Warner Bros. Blames Canada for Piracy

Forget Voldemort. Harry Potter has a more pressing enemy: Canada.

Two months ahead of the highly anticipated release of Harry Potter and the Order of the Phoenix, Warner Bros. has decided to nix all promotional screenings of the sorcerer sequel and other would-be summer hits, including Ocean's Thirteen, Nancy Drew and the Catherine Zeta-Jones-Aaron Eckhart romantic vehicle No Reservation.

The reason?

Warners executives are blaming Canada for rampant movie piracy and hope the cancellation forces Canada's parliament to strengthen anti-piracy laws and crack down on illegal recording. According to studio estimates, in the last 18 months, 70 percent of bootlegged Warner Bros. movies were shot in Canadian theaters.

"It's less of a ban than a strategy to reduce our risk and it will be in effect for all Warner Bros. and Warner Independent films until such time as the risk is reevaluated," a studio spokesman told E! Online. "It's a business move actually."

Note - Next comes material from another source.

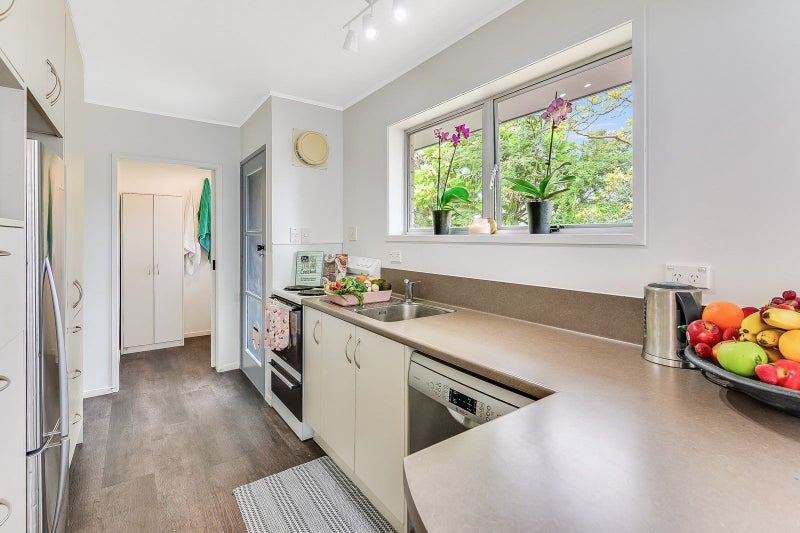 13 Cowen Place, Chartwell, Hamilton - Carousel 11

The new policy covers sneak peeks for average moviegoers, but does not affect advanced screenings for journalists. The films will still open as scheduled in Canadian theaters.

Warner Bros. decided on the new "strategy" because Canadian law permits a person to videotape a movie in a theater for home use and only criminalizes such action if the recording is proven to have been used for commercial gain.

"What the policy will do is cut down on the risks when you have open screenings," said the studio rep. "This tends to be big business for a lot of people and anybody doing this professionally knows that all they have to say is 'I'm going to take it home and watch it.

"We've put in a lot of time to guard against camcordering, but without a law, the most we can do is ask someone to leave."

Warner Bros. and other studios have, along with the Motion Picture Association of America, been lobbying Canadian officials for the several years to ban camcorders in theaters.

Without such action, the studios claim, their films are quickly disseminated online and can be duped for sale on the black market around the world.

The distributors now employ technology that enables them to trace the countries (and sometimes the theaters) where such bootlegs originated via a special digital watermark imprinted on the reel itself.

According to the MPAA, Canada now ranks as a problem country because roughly one in five pirated movies are recorded there. Because of the country's lax recording laws and state-of-the-art movie houses, the illegal dupes often feature pristine sound and high-quality images.

Senators Diane Feinstein (Democrat, California) and John Cornyn (Republican, Texas) have even written to Canadian Prime Minister Stephen Harper urging his government to act more aggressively against film pirates.

Warners' promotional screening ban goes into effect June 7 with the release of Ocean's Thirteen and will remain in place until the studio feels there are stronger laws on the books.

At the same time, Warner Bros. is also attempting a proactive approach. The distributor reached a deal with BitTorrent last year to make several catalogue movies and TV shows available for legal download.

BitTorrent, of course, is the company whose innovative file-sharing software pirates have used to quickly and efficiently download movies and music. Hoping to avoid the fate of Napster, BitTorrent has since reached agreements with the MPAA to try and clamp down on pirated material available in its search engine.